“Fringe”: The Same Old Story

Posted by SH

You know, the more this episode went on, the more I was reminded of an episode of that short-lived WB series Birds of Prey. And that’s never a good thing.

But among the detritus of that failed Batman spinoff, there was a surprisingly effective story about a rapid-aging human who burns through his life span in a matter of days. He was bred to be an assassin, one who does not have to wait a couple of decades before being ready for battle. OK, it also sounds a little like Blade Runner and Attack of the Clones. Have we already run out of ideas by Episode 2, J.J.?

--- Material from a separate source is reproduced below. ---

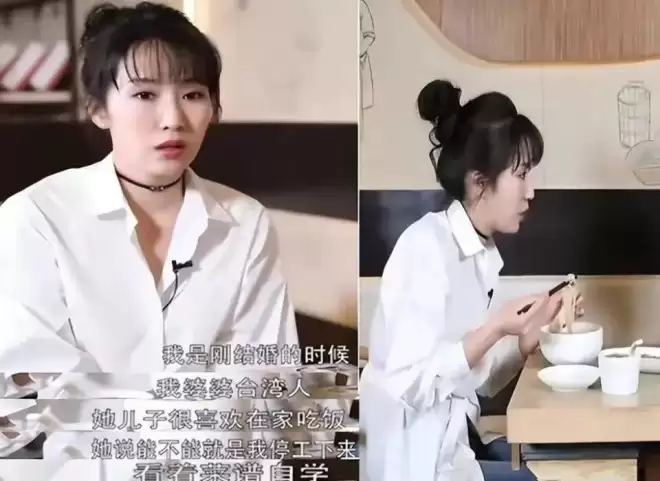 李念罕见露面:巅峰期闪婚富豪险遭封杀,却为何比其他阔太都幸福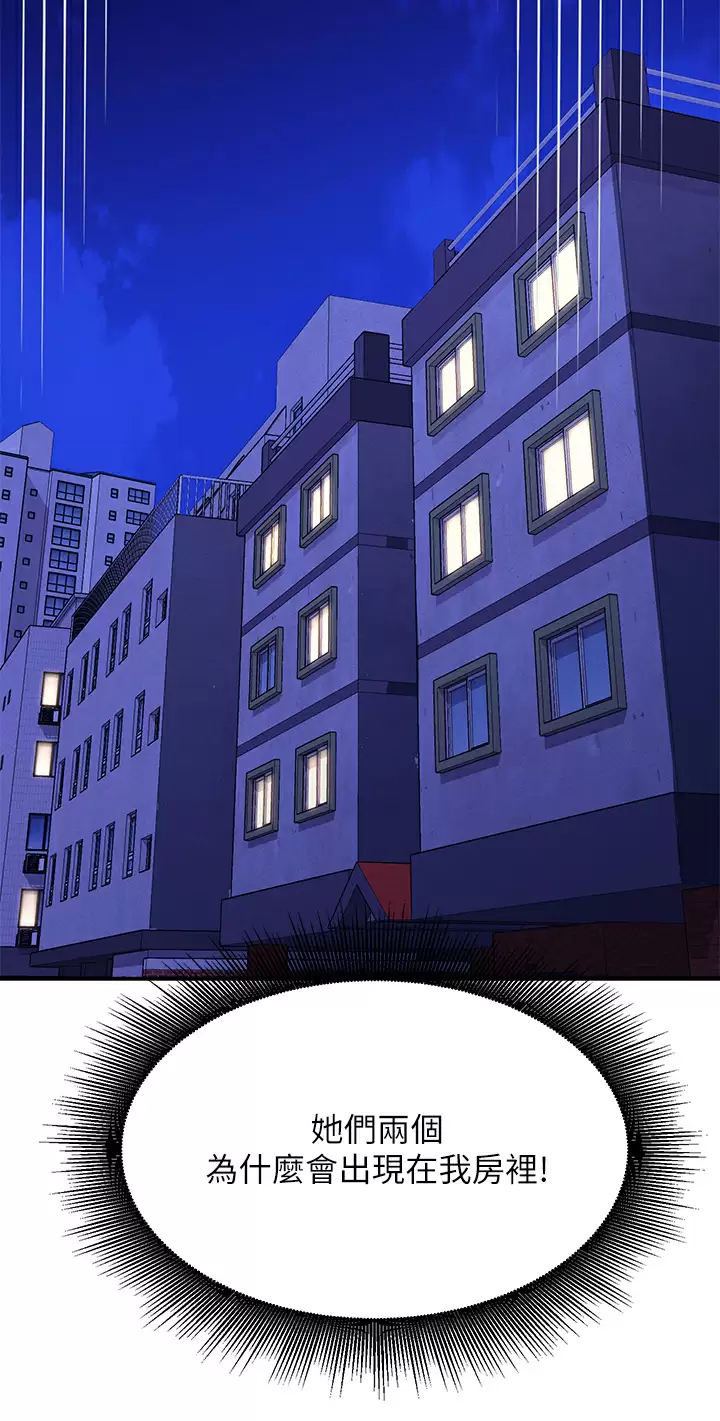 [韩国漫画] 谁说理组没正妹 校园,巨乳大奶,女学生#[45P]-3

Nah. Like some wise man once said, there are only about seven original stories out there. So let’s judge on the telling if not the content. Starting things off in a dank motel room with a chatty hooker and a nervous guy filling up hypodermics in the bathroom is a smart move. But before he can do whatever it is he does, the girl starts convulsing with what looks like an alien trying to get out of her belly. (She’s also in nothing but bra and panties, mirroring Anna Torv’s outfit in the pilot, which confirms my early theory that Fringe will find a way each week to get at least one woman in her skivvies.) He drops her off at the hospital, where she proceeds to give birth and die. And whatever it was she birthed was worthy of a scream-cut to commercial by the medical professionals.

Olivia and the Bishop boys are summoned to the hospital where they see a giant man-baby lying dead on the floor, umbilical cord still attached. He lived about four hours. After tracking down the girl’s previous whereabouts to a motel room, Olivia and Peter look for clues, and Olivia makes a horrifying realization that this case has links to an unsolved serial killer case she and her departed lover John worked on 12 years ago. I have to break here for a moment. 12 years? How old is Olivia supposed to be, exactly? Anna Torv is 30, so that would put Olivia at about 18 when she was working this case, and one would only presume that it wasn’t her first case out of the academy. Did I just hear this wrong, or is this a silly boo boo?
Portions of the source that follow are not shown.